*Directions for this task*. The lines below, from the one holding "SovietWomble Livestream of" through the one holding "Used Volvo XC90", are to be restated word for word, with all images left out.

(Beginning of Records for this exercise)

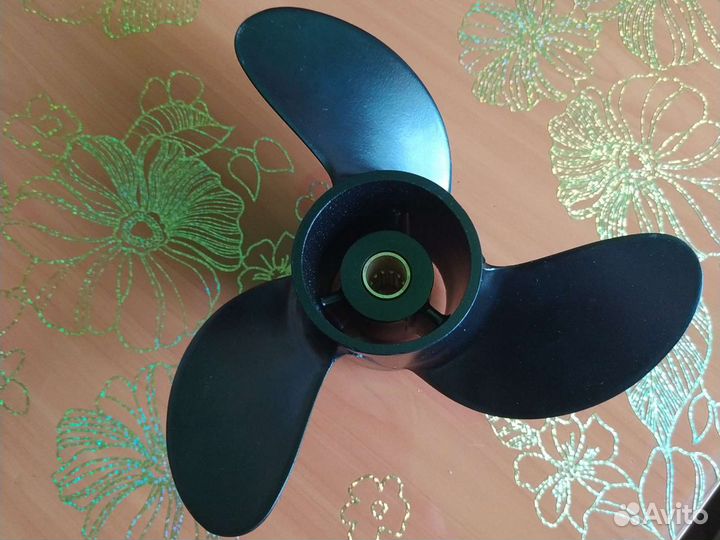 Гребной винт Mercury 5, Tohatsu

(End of Records for this exercise)
(Beginning of Records for this exercise)

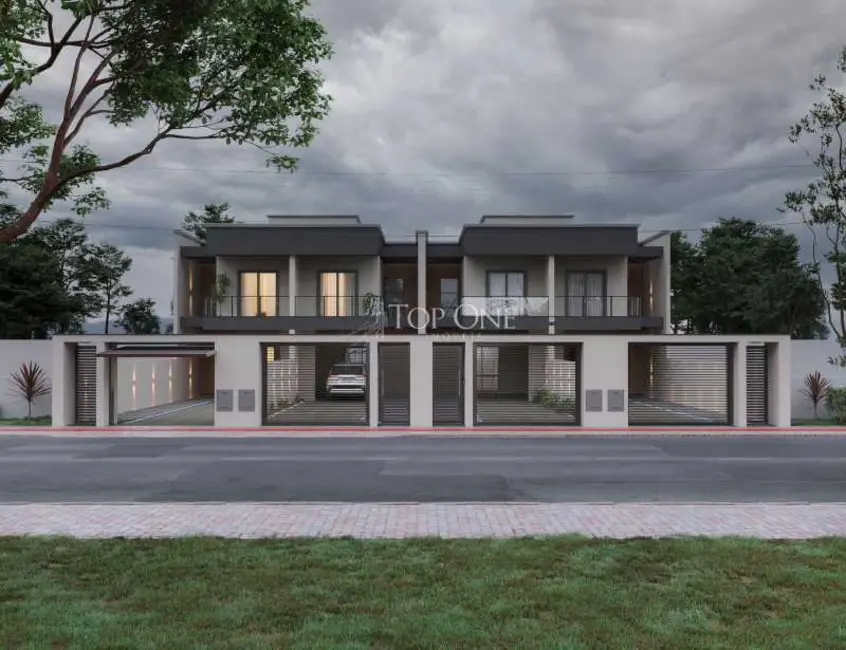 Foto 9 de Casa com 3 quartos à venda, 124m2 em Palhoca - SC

(End of Records for this exercise)
(Beginning of Records for this exercise)

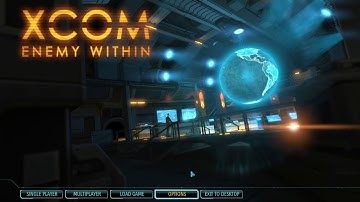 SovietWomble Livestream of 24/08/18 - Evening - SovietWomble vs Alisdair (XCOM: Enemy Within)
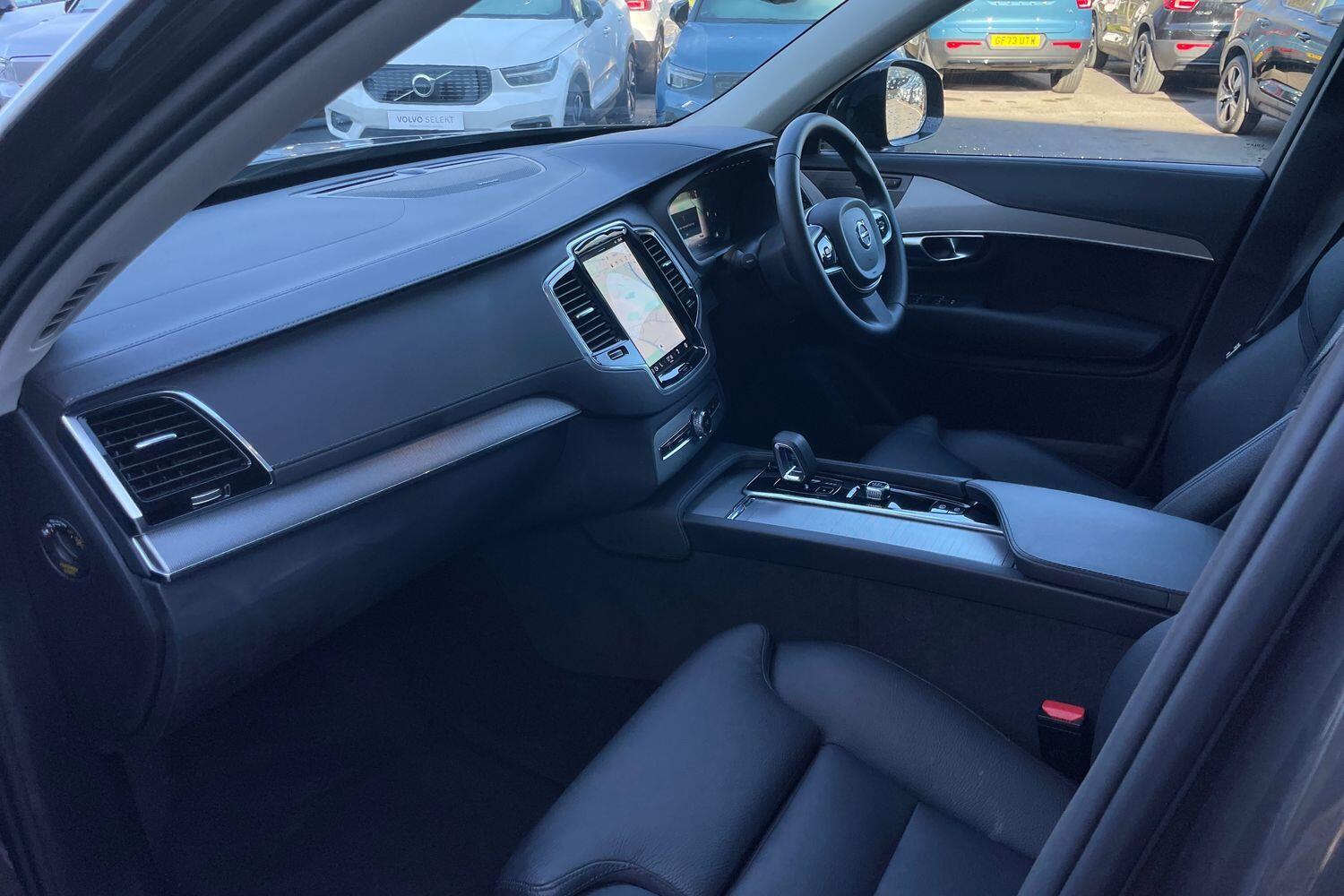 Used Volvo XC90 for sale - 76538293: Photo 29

(End of Records for this exercise)

*Solution below*.
 SovietWomble Livestream of 24/08/18 - Evening - SovietWomble vs Alisdair (XCOM: Enemy Within)
 Used Volvo XC90 for sale - 76538293: Photo 29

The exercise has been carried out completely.